### Exercise input
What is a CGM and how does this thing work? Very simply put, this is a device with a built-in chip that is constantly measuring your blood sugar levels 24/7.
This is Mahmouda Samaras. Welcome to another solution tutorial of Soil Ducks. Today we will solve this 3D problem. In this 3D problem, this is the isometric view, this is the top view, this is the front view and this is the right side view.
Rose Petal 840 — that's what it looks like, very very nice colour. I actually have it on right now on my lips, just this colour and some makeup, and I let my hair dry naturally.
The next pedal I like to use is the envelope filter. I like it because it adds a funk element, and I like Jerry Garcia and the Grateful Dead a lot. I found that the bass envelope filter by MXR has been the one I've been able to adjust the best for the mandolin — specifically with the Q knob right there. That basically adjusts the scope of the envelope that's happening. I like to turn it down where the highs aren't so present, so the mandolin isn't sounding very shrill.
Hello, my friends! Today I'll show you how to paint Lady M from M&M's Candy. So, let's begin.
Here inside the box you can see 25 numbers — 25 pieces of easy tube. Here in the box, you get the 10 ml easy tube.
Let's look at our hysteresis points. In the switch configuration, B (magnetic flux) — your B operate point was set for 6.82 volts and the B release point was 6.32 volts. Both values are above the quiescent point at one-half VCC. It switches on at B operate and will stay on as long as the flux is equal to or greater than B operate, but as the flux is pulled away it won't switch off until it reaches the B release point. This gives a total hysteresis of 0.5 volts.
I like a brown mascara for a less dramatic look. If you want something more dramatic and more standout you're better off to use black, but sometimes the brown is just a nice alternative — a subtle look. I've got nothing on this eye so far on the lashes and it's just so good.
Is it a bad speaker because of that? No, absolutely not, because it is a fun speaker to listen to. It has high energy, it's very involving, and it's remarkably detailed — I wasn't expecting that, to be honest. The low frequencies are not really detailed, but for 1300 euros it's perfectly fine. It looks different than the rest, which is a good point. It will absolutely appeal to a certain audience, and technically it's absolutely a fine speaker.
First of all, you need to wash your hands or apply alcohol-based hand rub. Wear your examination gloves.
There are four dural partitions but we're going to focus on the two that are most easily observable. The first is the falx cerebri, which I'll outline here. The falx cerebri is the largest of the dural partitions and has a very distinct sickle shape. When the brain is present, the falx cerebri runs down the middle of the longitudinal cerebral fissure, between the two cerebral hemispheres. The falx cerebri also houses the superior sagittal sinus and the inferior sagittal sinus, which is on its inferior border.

### Prompt
Take the material above and reproduce it word for word.

### Exercise result
What is a CGM and how does this thing work? Very simply put, this is a device with a built-in chip that is constantly measuring your blood sugar levels 24/7.
This is Mahmouda Samaras. Welcome to another solution tutorial of Soil Ducks. Today we will solve this 3D problem. In this 3D problem, this is the isometric view, this is the top view, this is the front view and this is the right side view.
Rose Petal 840 — that's what it looks like, very very nice colour. I actually have it on right now on my lips, just this colour and some makeup, and I let my hair dry naturally.
The next pedal I like to use is the envelope filter. I like it because it adds a funk element, and I like Jerry Garcia and the Grateful Dead a lot. I found that the bass envelope filter by MXR has been the one I've been able to adjust the best for the mandolin — specifically with the Q knob right there. That basically adjusts the scope of the envelope that's happening. I like to turn it down where the highs aren't so present, so the mandolin isn't sounding very shrill.
Hello, my friends! Today I'll show you how to paint Lady M from M&M's Candy. So, let's begin.
Here inside the box you can see 25 numbers — 25 pieces of easy tube. Here in the box, you get the 10 ml easy tube.
Let's look at our hysteresis points. In the switch configuration, B (magnetic flux) — your B operate point was set for 6.82 volts and the B release point was 6.32 volts. Both values are above the quiescent point at one-half VCC. It switches on at B operate and will stay on as long as the flux is equal to or greater than B operate, but as the flux is pulled away it won't switch off until it reaches the B release point. This gives a total hysteresis of 0.5 volts.
I like a brown mascara for a less dramatic look. If you want something more dramatic and more standout you're better off to use black, but sometimes the brown is just a nice alternative — a subtle look. I've got nothing on this eye so far on the lashes and it's just so good.
Is it a bad speaker because of that? No, absolutely not, because it is a fun speaker to listen to. It has high energy, it's very involving, and it's remarkably detailed — I wasn't expecting that, to be honest. The low frequencies are not really detailed, but for 1300 euros it's perfectly fine. It looks different than the rest, which is a good point. It will absolutely appeal to a certain audience, and technically it's absolutely a fine speaker.
First of all, you need to wash your hands or apply alcohol-based hand rub. Wear your examination gloves.
There are four dural partitions but we're going to focus on the two that are most easily observable. The first is the falx cerebri, which I'll outline here. The falx cerebri is the largest of the dural partitions and has a very distinct sickle shape. When the brain is present, the falx cerebri runs down the middle of the longitudinal cerebral fissure, between the two cerebral hemispheres. The falx cerebri also houses the superior sagittal sinus and the inferior sagittal sinus, which is on its inferior border.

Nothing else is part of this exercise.